> **EXERCISE DATA**
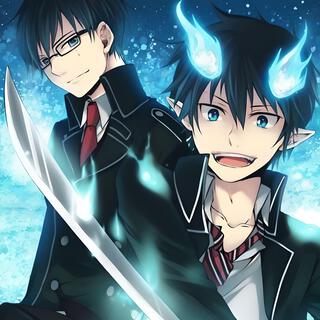 Blue Exorcist | Opening 1 (Core Pride) | Ao no Exorcist OP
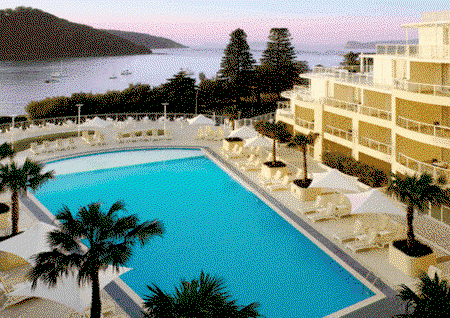 Mantra Ettalong Beach - C Tourism 1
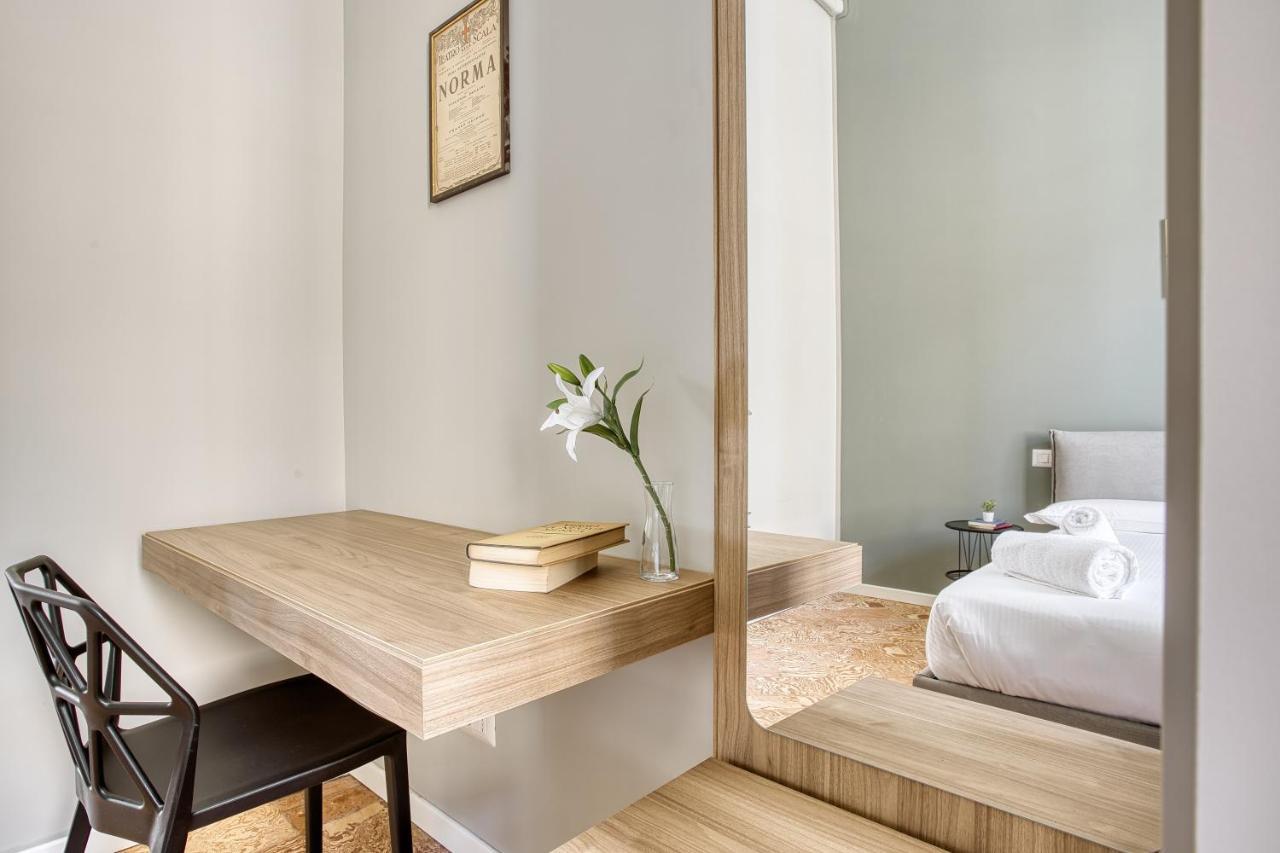 Joivy Cute Apt Near Guastalla Gardens Милано Екстериор снимка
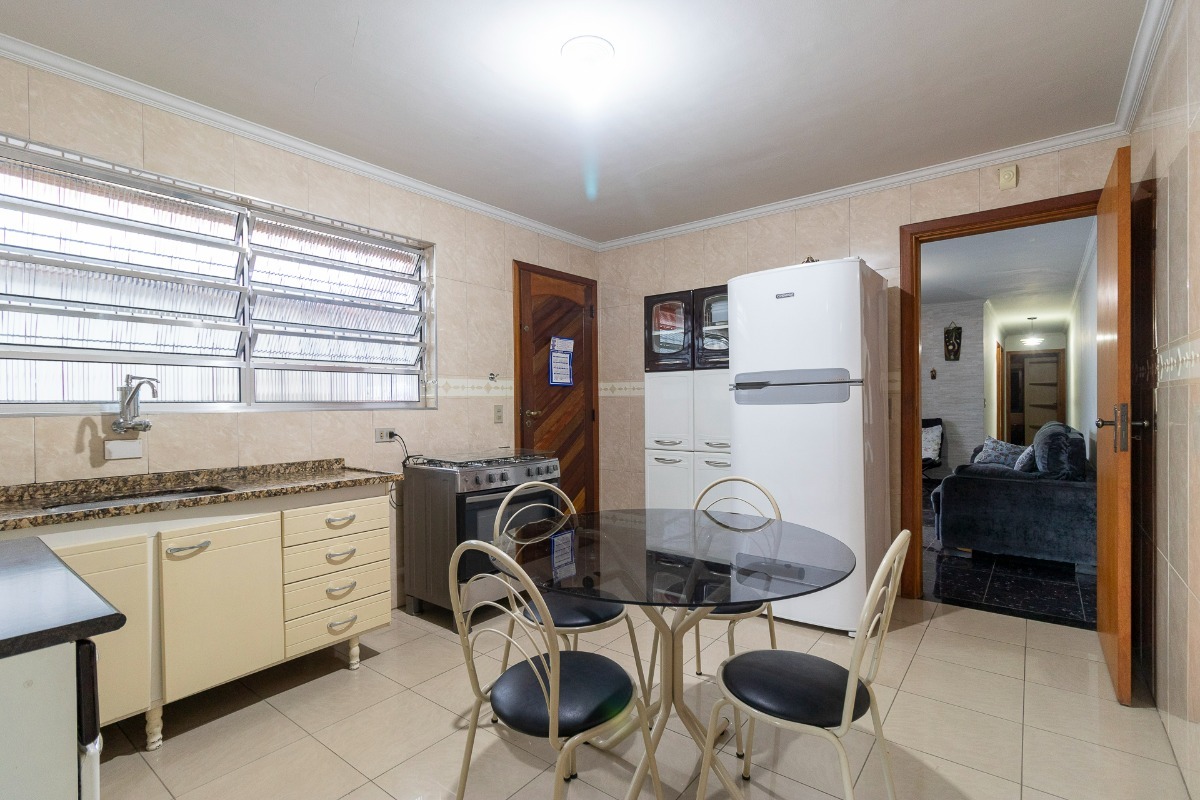 Residencial Multifamiliar de 3 quartos, 121m² no bairro Vila Nova Mazzei, em São Paulo | Eu Corretor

> **EXERCISE OBJECTIVE**
An exact copy of the material above is required, free of any pictures.

> **TASK RESPONSE**
 Blue Exorcist | Opening 1 (Core Pride) | Ao no Exorcist OP
 Mantra Ettalong Beach - C Tourism 1
 Joivy Cute Apt Near Guastalla Gardens Милано Екстериор снимка
 Residencial Multifamiliar de 3 quartos, 121m² no bairro Vila Nova Mazzei, em São Paulo | Eu Corretor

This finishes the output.